■ Record extracts:
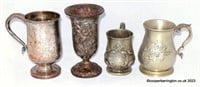Signed T.Pie Cast Iron Urn/Three Antique Goblets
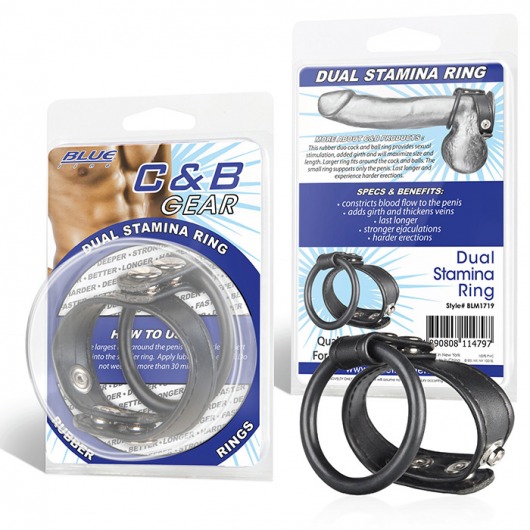 Двойное кольцо выносливости на пенис DUAL STAMINA RING - BlueLine - в Хабаровске купить с доставкой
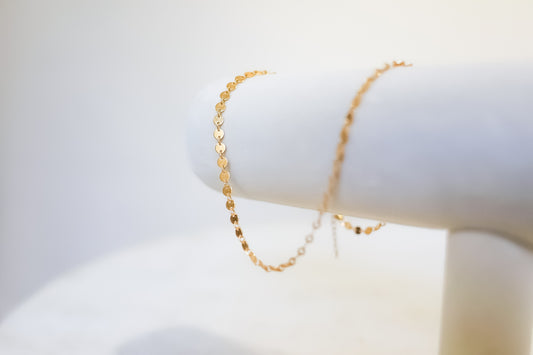 14k Gold Filled Disc Choker Necklace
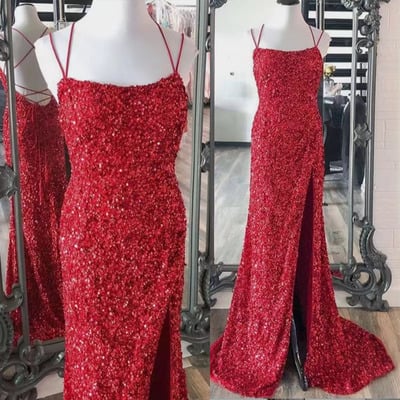 Burgundy prom dresses slit side sequins criss cross - Thumbnail 2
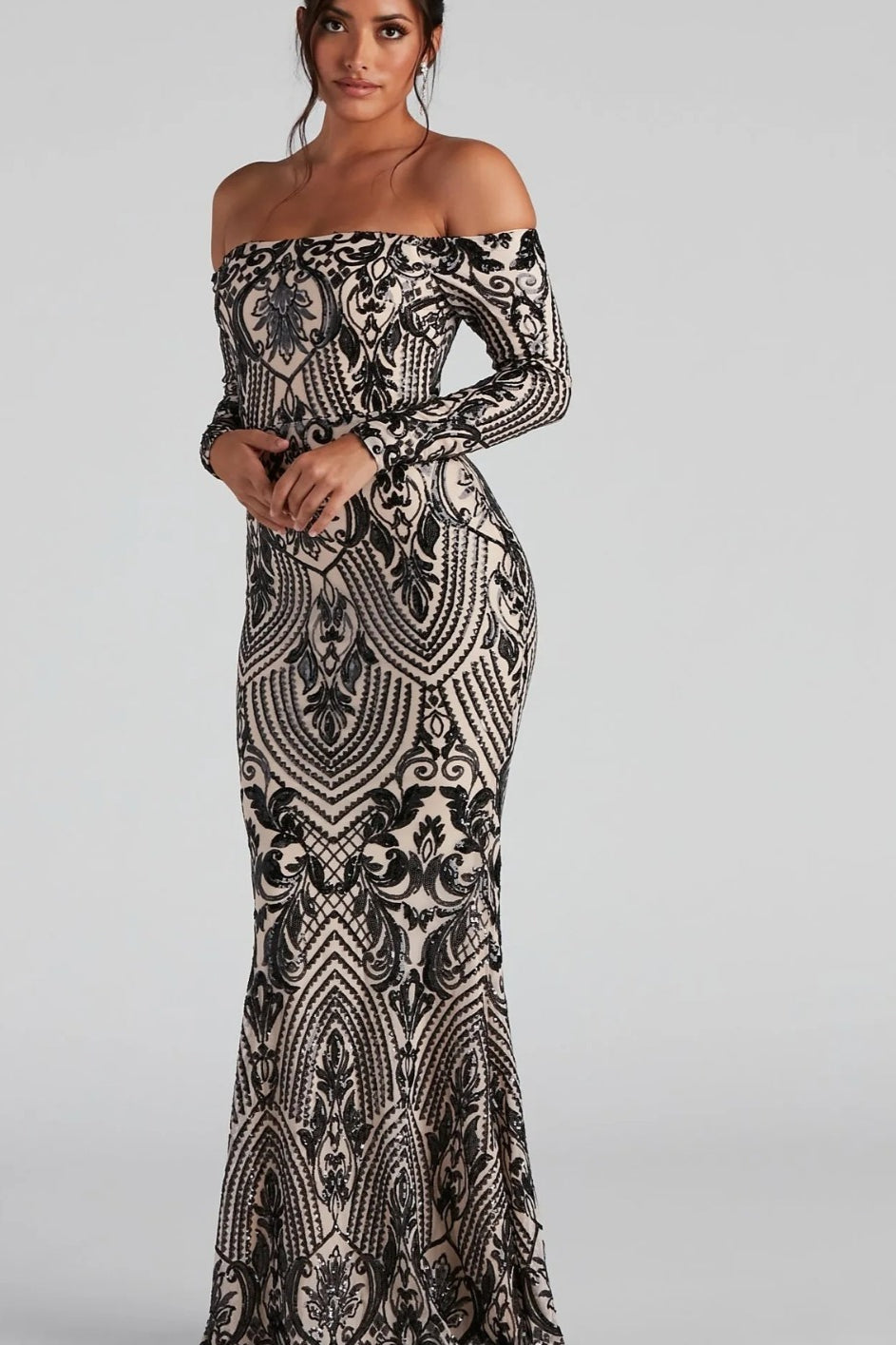 Boat Edition Neck European Trendy Formal Evening Maxi Sequin Dress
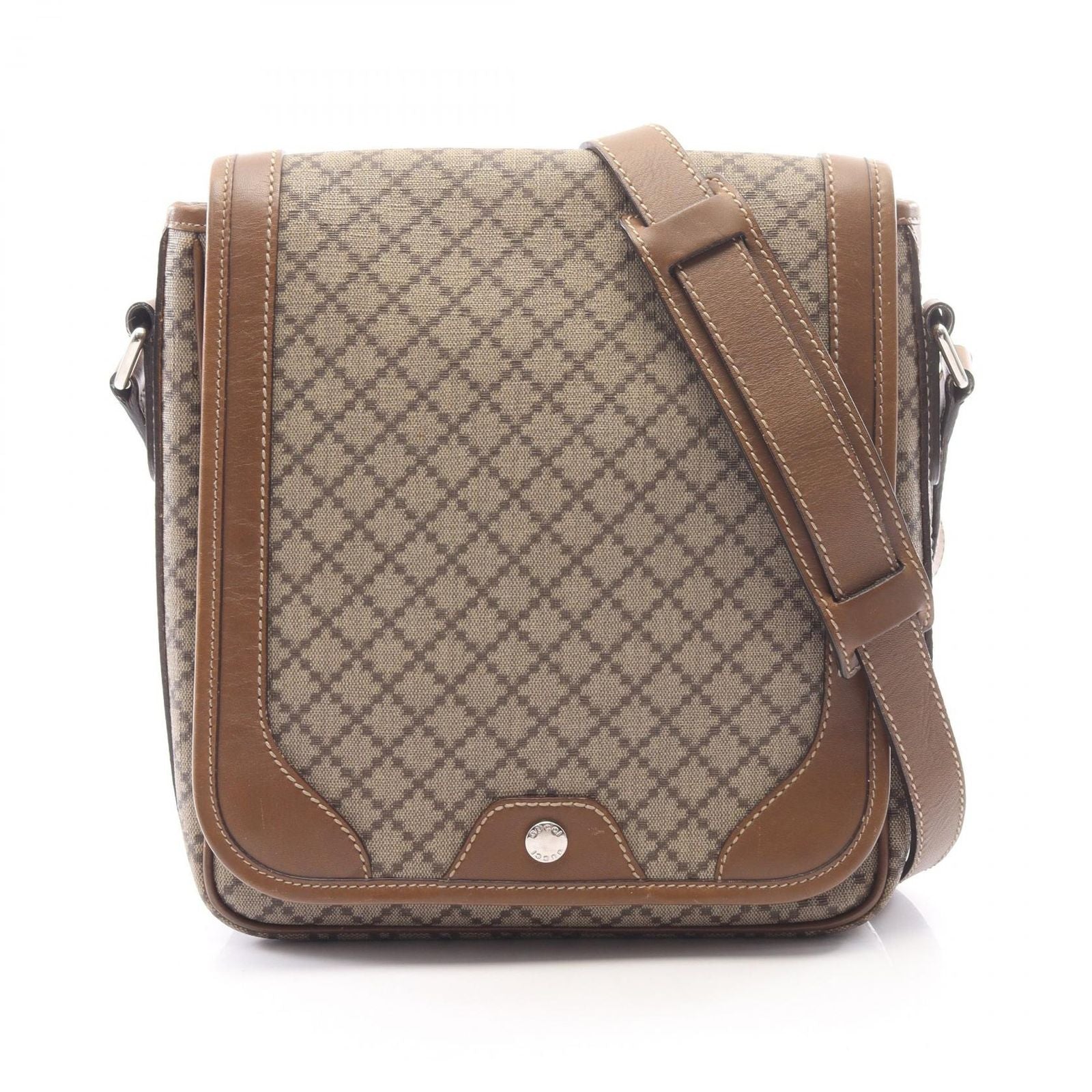 Gucci Shoulder Bag Diamante Brown Beige Canvas Leather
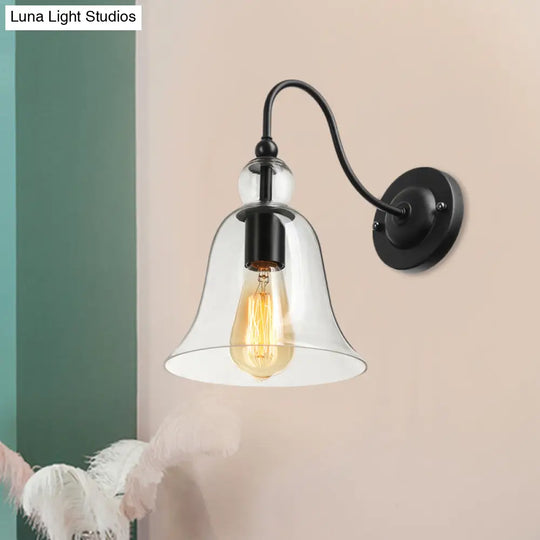 Industrial Clear/Green/Smoked Glass Wall Sconce With Gooseneck Arm - 1-Light Black Bell Bedroom Lamp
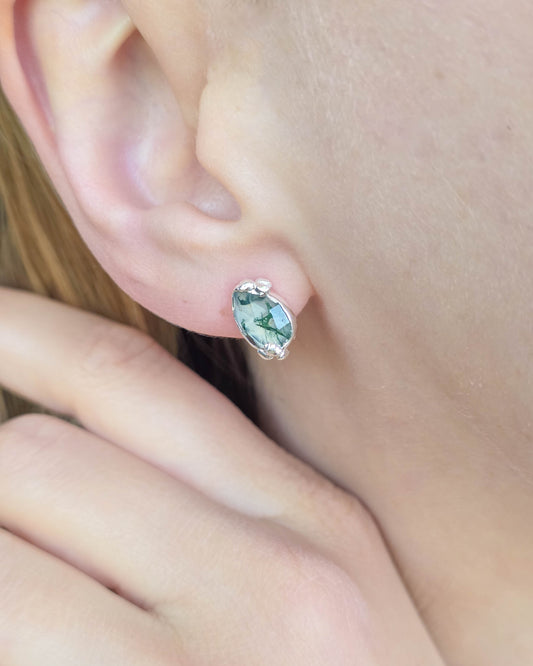 Boucles d'oreille Agate mousse, Poire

■ Task objective: The answer must be an exact copy of the lines from the one containing "Двойное кольцо выносливости" through the last line of the records, with no pictures included.

■ Written reply:
 Двойное кольцо выносливости на пенис DUAL STAMINA RING - BlueLine - в Хабаровске купить с доставкой
 14k Gold Filled Disc Choker Necklace
 Burgundy prom dresses slit side sequins criss cross - Thumbnail 2
 Boat Edition Neck European Trendy Formal Evening Maxi Sequin Dress
 Gucci Shoulder Bag Diamante Brown Beige Canvas Leather
 Industrial Clear/Green/Smoked Glass Wall Sconce With Gooseneck Arm - 1-Light Black Bell Bedroom Lamp
 Boucles d'oreille Agate mousse, Poire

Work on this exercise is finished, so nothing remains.